• Exercise: Set down precisely the lines from the line with "Imagem ilustrativa da" through the end of the material, inclusive, and no pictures.
Material for the task below:
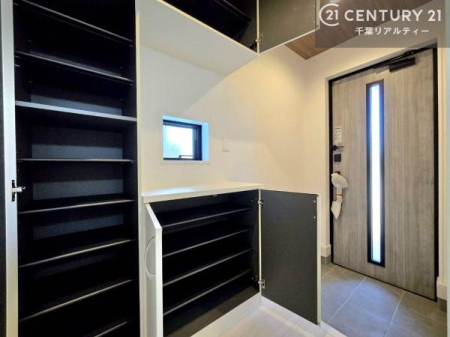 ���� �V���[�Y�{�b�N�X�t���Ȃ̂ŁA���ւ��Еt�����|�������₷���ł��I
�X�b�L���������ւŌ˂��J�����u�ԁA�������̂���S�n������Ԃ��o�}���Ă���܂��B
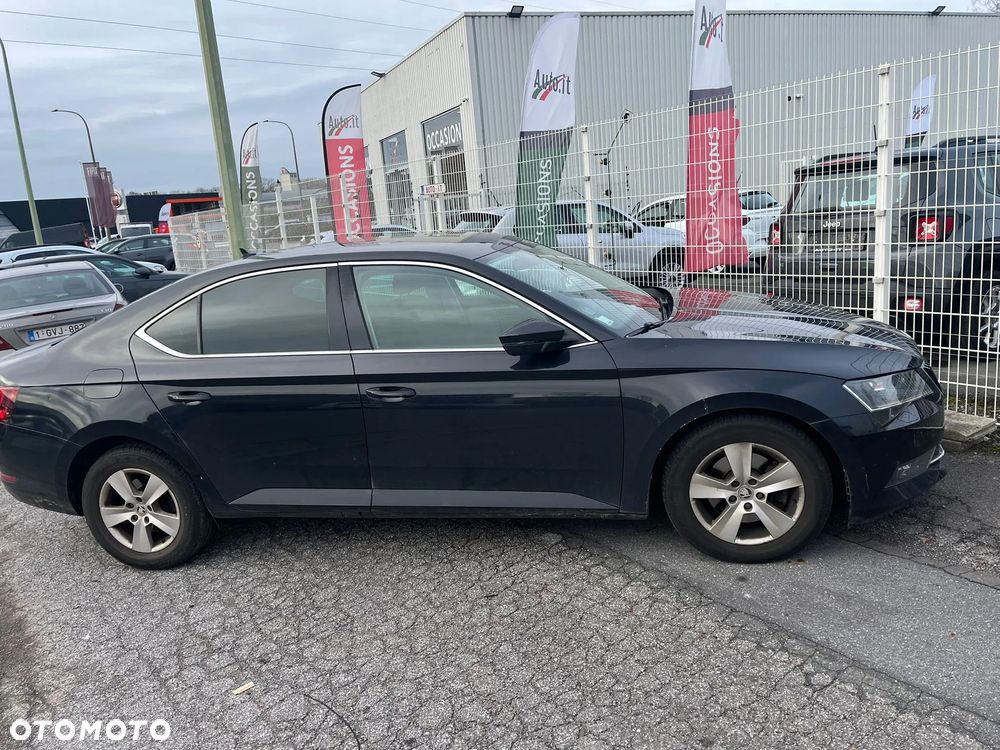 Skoda Superb 2.0 TDI DSG Premium Edition - 4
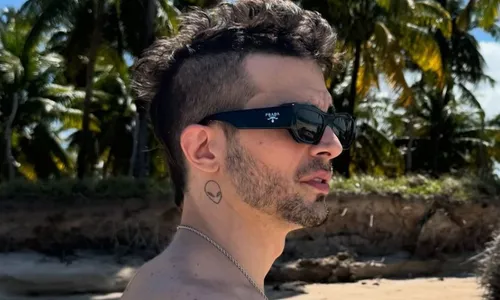 
          Imagem ilustrativa da imagem Fiuk pede apoio dos fãs ao tentar parar de fumar: 'meio estranho esses dias'
          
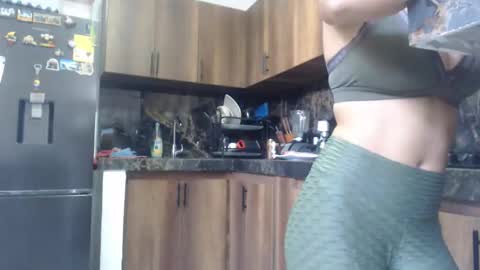 Nina online show from 10/01/25, 04:57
End of Material for the task.
• Solved exercise:
          Imagem ilustrativa da imagem Fiuk pede apoio dos fãs ao tentar parar de fumar: 'meio estranho esses dias'
          
 Nina online show from 10/01/25, 04:57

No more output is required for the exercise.